Your objective: Retype exactly what appears below from the line containing "### **Product" down to the line containing "Tổng thống Trump", keeping both end lines. Do not include pictures.

Material to process:
┄┄┄┄┄┄┄┄┄┄┄┄┄┄┄┄┄┄┄┄
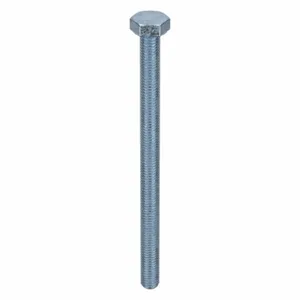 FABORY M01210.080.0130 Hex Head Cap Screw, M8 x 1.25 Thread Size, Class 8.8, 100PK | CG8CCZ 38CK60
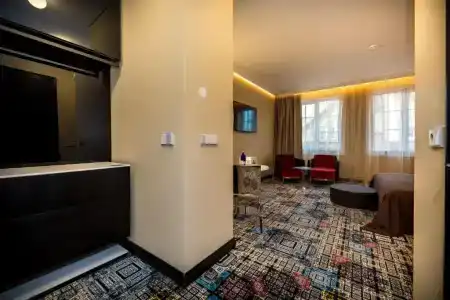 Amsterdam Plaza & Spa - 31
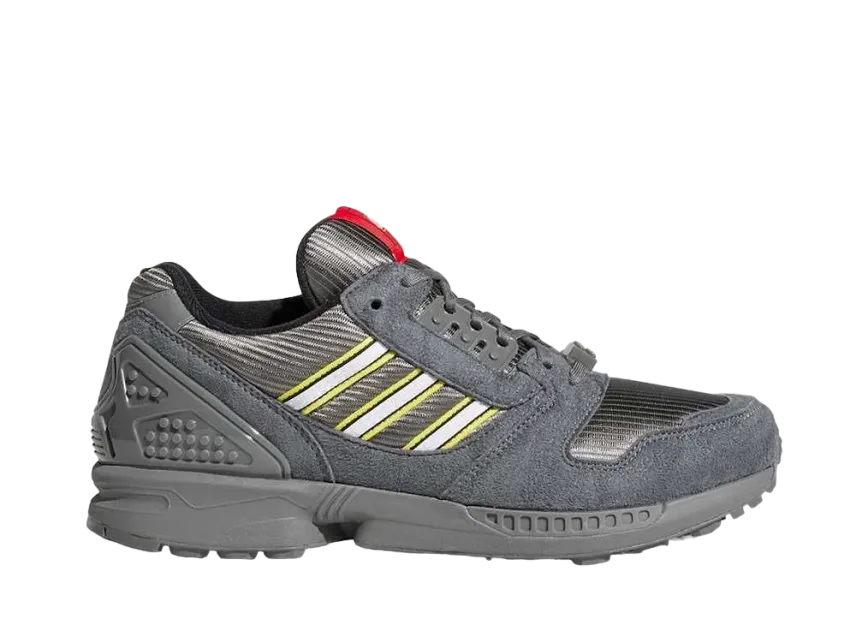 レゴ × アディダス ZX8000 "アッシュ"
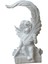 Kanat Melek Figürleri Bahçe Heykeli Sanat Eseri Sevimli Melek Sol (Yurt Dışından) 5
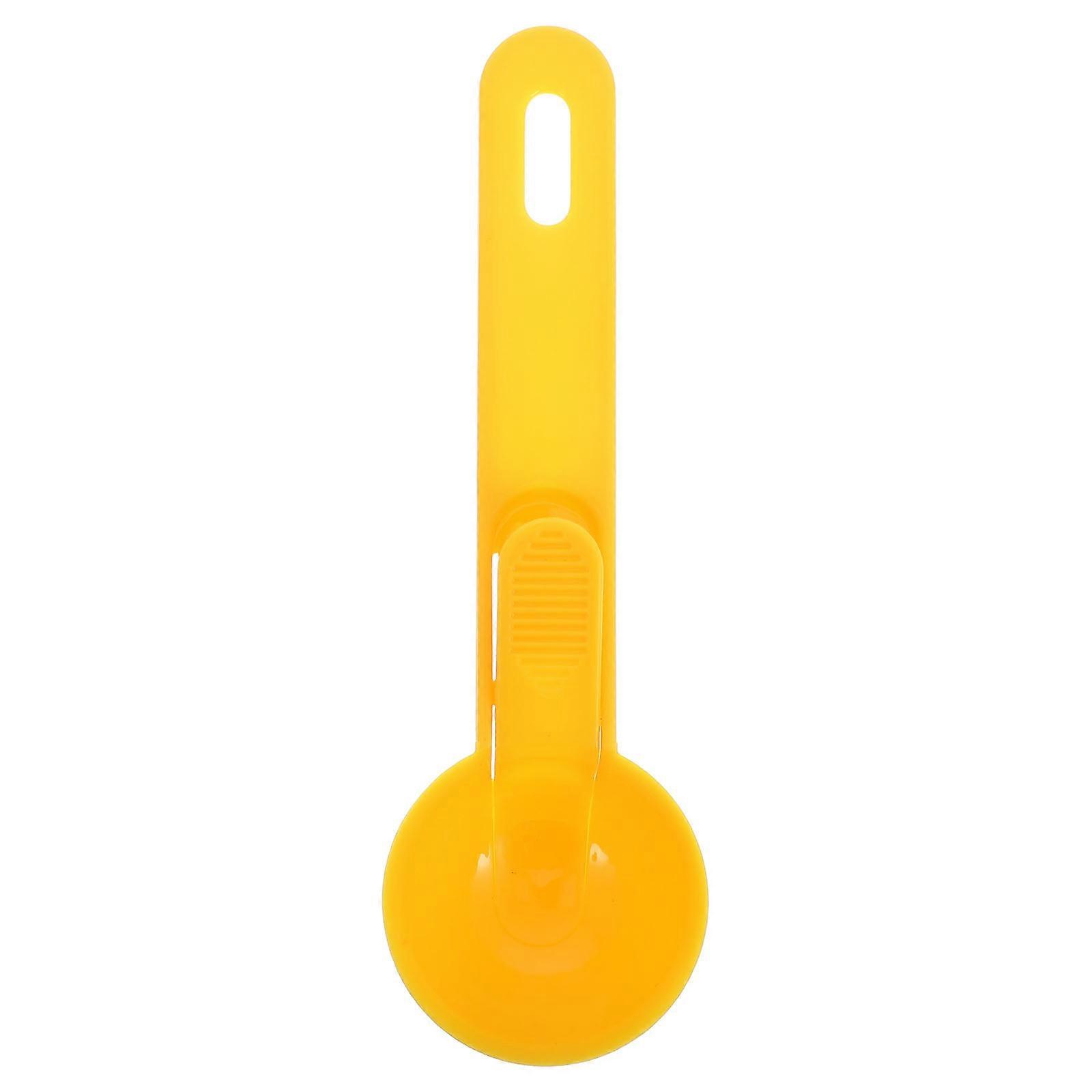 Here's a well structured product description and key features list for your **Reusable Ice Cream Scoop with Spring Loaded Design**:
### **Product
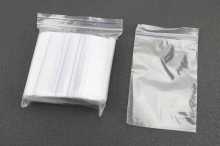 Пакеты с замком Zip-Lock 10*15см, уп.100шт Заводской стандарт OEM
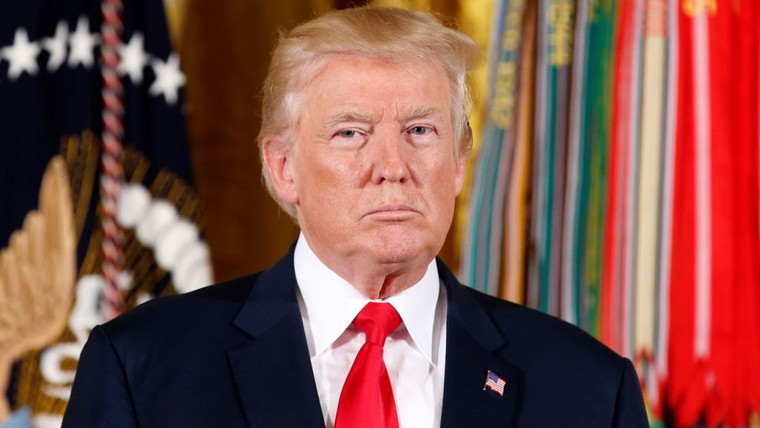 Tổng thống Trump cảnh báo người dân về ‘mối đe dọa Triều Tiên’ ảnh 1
┄┄┄┄┄┄┄┄┄┄┄┄┄┄┄┄┄┄┄┄
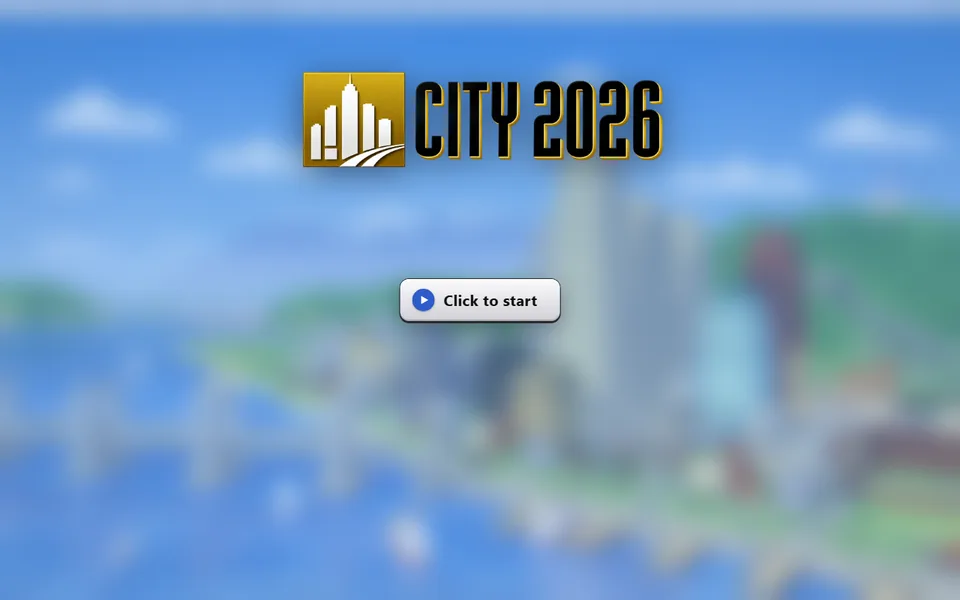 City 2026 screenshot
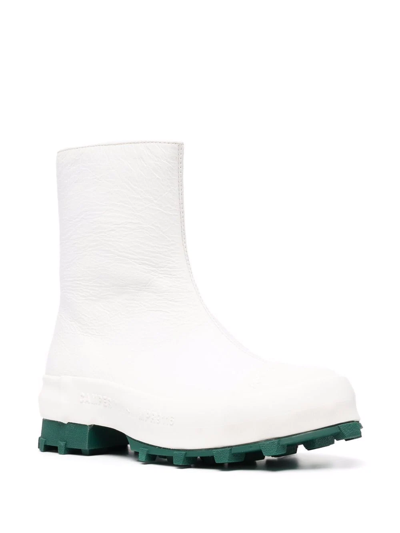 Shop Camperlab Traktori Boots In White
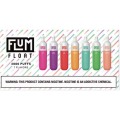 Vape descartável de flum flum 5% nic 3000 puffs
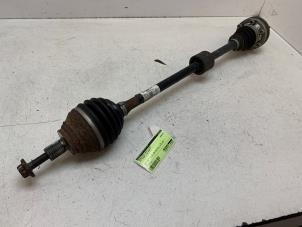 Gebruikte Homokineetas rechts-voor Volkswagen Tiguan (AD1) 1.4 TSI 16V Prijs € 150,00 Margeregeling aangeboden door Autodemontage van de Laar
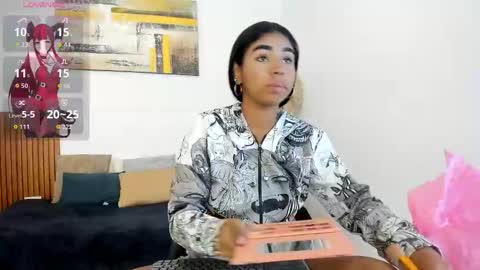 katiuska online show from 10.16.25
┄┄┄┄┄┄┄┄┄┄┄┄┄┄┄┄┄┄┄┄
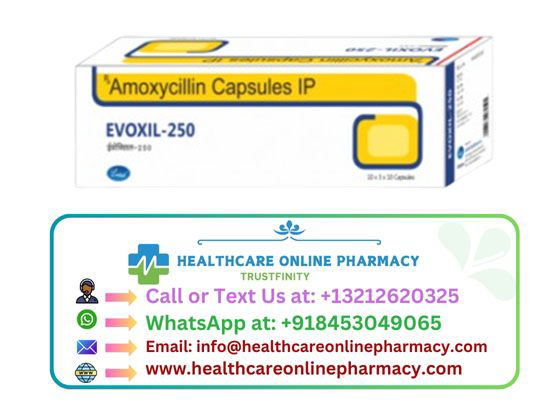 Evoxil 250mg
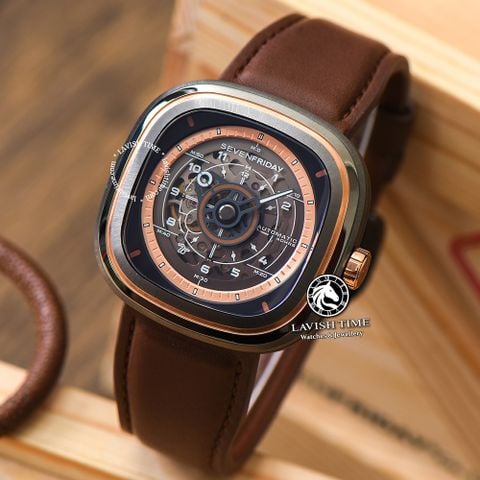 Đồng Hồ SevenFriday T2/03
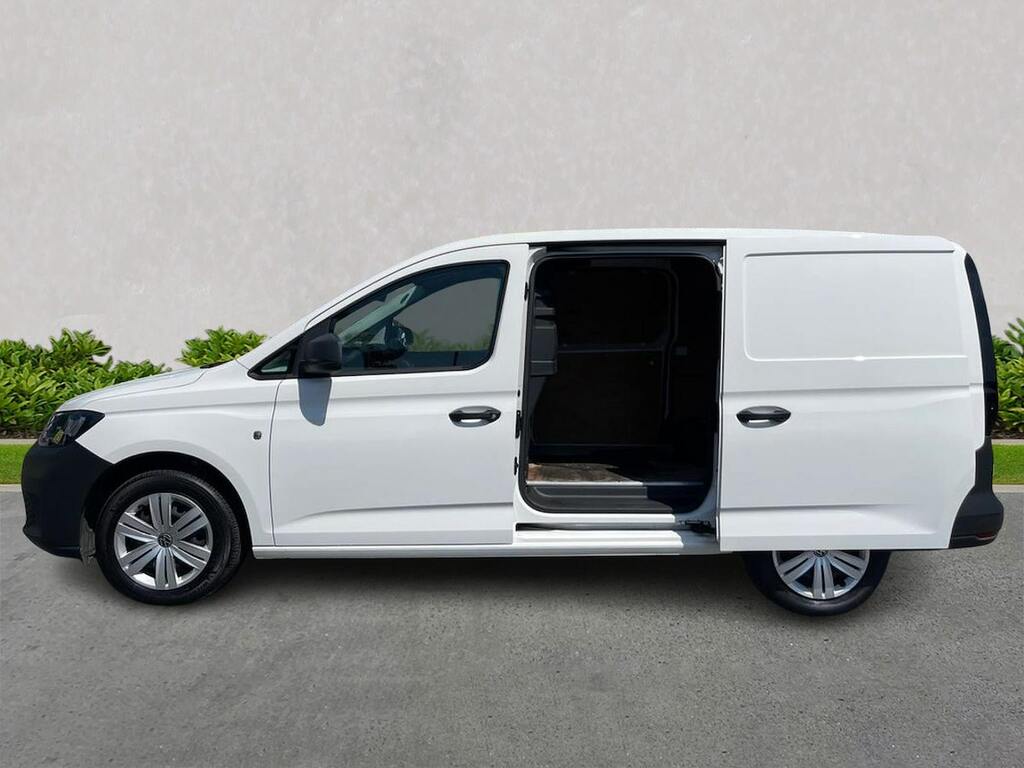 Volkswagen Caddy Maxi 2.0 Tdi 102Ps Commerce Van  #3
┄┄┄┄┄┄┄┄┄┄┄┄┄┄┄┄┄┄┄┄
Output for this exercise:
### **Product
 Пакеты с замком Zip-Lock 10*15см, уп.100шт Заводской стандарт OEM
 Tổng thống Trump cảnh báo người dân về ‘mối đe dọa Triều Tiên’ ảnh 1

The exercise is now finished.